I know my body.  I see what is going on.  One week out of the month, I am leaner looking and not retaining an ass load of water.  I know I am losing too, but the scale has not budged since I started a month ago.  I was in tears this morning and I am trying to choke back the tears as I type this now.  I don't want to have my efforts go to waste.  I know that internally I am doing my body good, but I want it to reflect externally too.  Have I messed up my metabolism and hormones so much from the years of horrible eating, that my body is rebelling?  Seriously, what do I have to do?
I am weighing all my food for the next week or so.  I don't know what else I can do to change the way I look.  I estimated my food, maybe I was still overeating? I have no idea.  I don't know what to do.  I want to crawl under a rock and hide.
One thing I do know, is regardless of what my body is deciding for me, I am not going to quit.  I will win.  I am not going to let this drag me down and knock me off my course.  I have a serious goal in mind and I will get there no matter what I have to do.




"Don't dream it, be it."

Monday, January 28, 2013

I am not here to talk.

Again this morning, my alarm went off at 6:00 AM and I didn't want to get out of bed. I am tired, I want to sleep, but I got my ass out from under the covers and made my shake and went to the gym.

When I got there, one of the people I am friends with walked up to me and literally got in my face and said "What's up Dev?" and continued to walk right next to me. I was very angry. My response, "I'm BUSY." I don't have much time these days to spend in the gym. I work every day and I have regular life things to take care of. I have about an hour a day that I can take to workout. I may have sounded like a total bitch, but really, I am not in the gym to socialize. I am there to workout and leave. I will wave, I will nod, I will say hello, but to have a conversation or gossip is not a part of my gym routine.
I am done being nice, I am done letting people walk all over me. I am on a mission and I don't care.

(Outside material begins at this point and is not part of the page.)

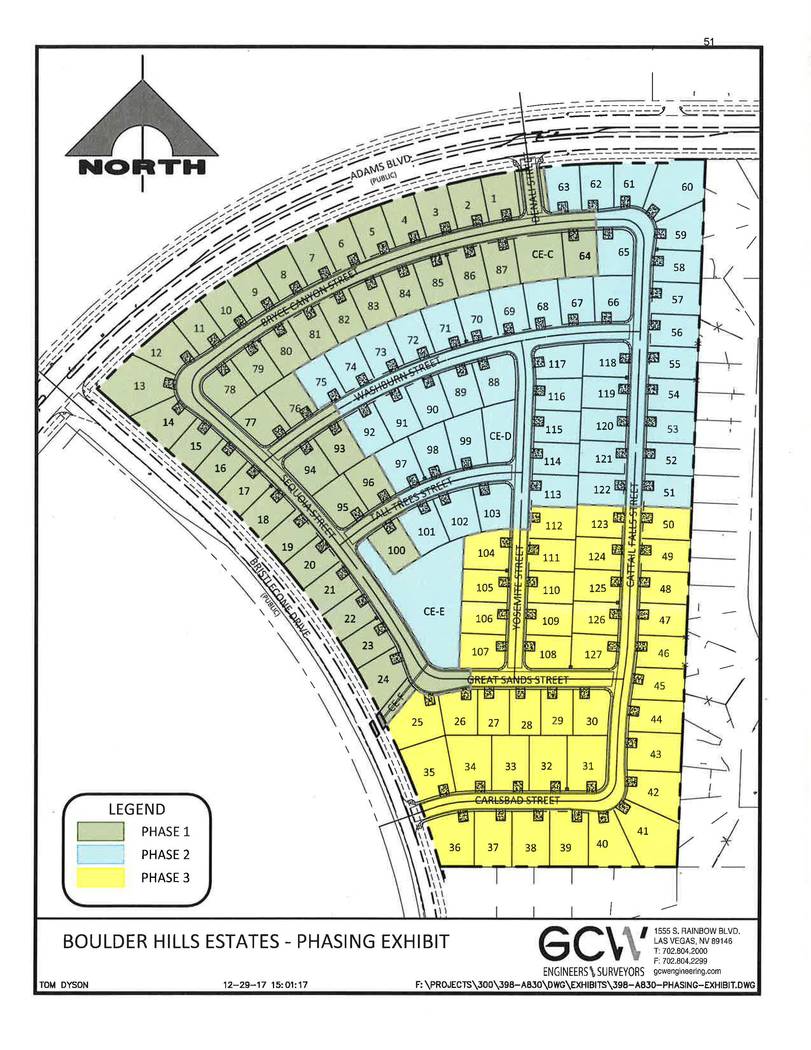 StoryBook Homes
StoryBook Homes submitted this tentative map showing the three phases for its new Boulder Hills Estates subdivision that will be built at the corner of Adams Boulevard and Bristlec ...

If you are in my way, I will let you know. If you are annoying me, I will tell you. I won't be rude about it, but I will straight up tell you. I am not sorry either, I am being honest. Just leave me alone and let me do me.

"Don't dream it, be it."

Saturday, January 26, 2013

Winners never quit, quitters never win.

It has been almost 3 weeks since I have started my 2nd transformation.  I have been logging my food everyday and waking up in the morning and CURSING my alarm.  Even thought it goes off at 6AM, I still get my sorry ass out of bed.  I have started my 2 day a week 2 a day workouts too.  This is a huge accomplishment for me, since for the past two years I have made it to the gym at most 4 days a week.  I have gotten to the gym almost every day, except the few days I was sick.
The feeling you get knowing that in the end this will pay off is amazing.  When the alarm goes off, I don't want to get up.  I WANT to go back to sleep.  I WANT to just stay curled up under the warm blankets and pretend I didn't hear it.  BUT I DON'T.  I WANT to look my best and feel my best.  The difference in my mood is amazing.  I am happier and I have more energy.  Today is the first day that I have actually wanted a nap.  It's insane.
Brian, my fiance, has been encouraging, as he always is.  He notices the difference in my body.  I know I am losing, even if that God forsaken scale doesn't want to move.  I am eating what I need to eat every day, hitting my calorie count almost on the mark.  I will be better, I will do better, I will succeed.  I am a winner, I am not a quitter.

"Don't dream it, be it."

Tuesday, January 22, 2013

Success is the best revenge.

No lie.  Success IS the best revenge.  I have been on point for the past two weeks with my food.  I have not lied to myself and have been actually enjoying the food I am eating.  The other day I went to the gym and someone I used to be friendly with was there working out too.  It really amazed me that I looked so much better in two weeks and this person didn't look very different from the last time I saw them about a year ago.  I have to say, it just made me push HARDER that day.  I pushed myself to my limits with my workout, just because I KNEW the harder I pushed now, the better I would feel and look tomorrow.  Sometimes I have to just let those people rent space for a short period of time so that I can push harder.  I want to succeed, because that will make others inspired or jealous.  Hopefully, I can inspire more.  I try to surround myself with good people, but once and a while there is going to be that bad egg.

"Don't dream it, be it."

Wednesday, January 16, 2013

It works if you work it.

This week was an awesome week for me.  I have been eating yummy food and staying within my calorie range for the day.  I made it to the gym 5 days, even if it was just cardio because I have been sick.  The bigger more exciting thing was putting on my sports bra that I have been wearing an extender in and being able to take the extender OFF.  That means I have lost at LEAST 1 inch around in my "chest" measurement.  One week, more motivation.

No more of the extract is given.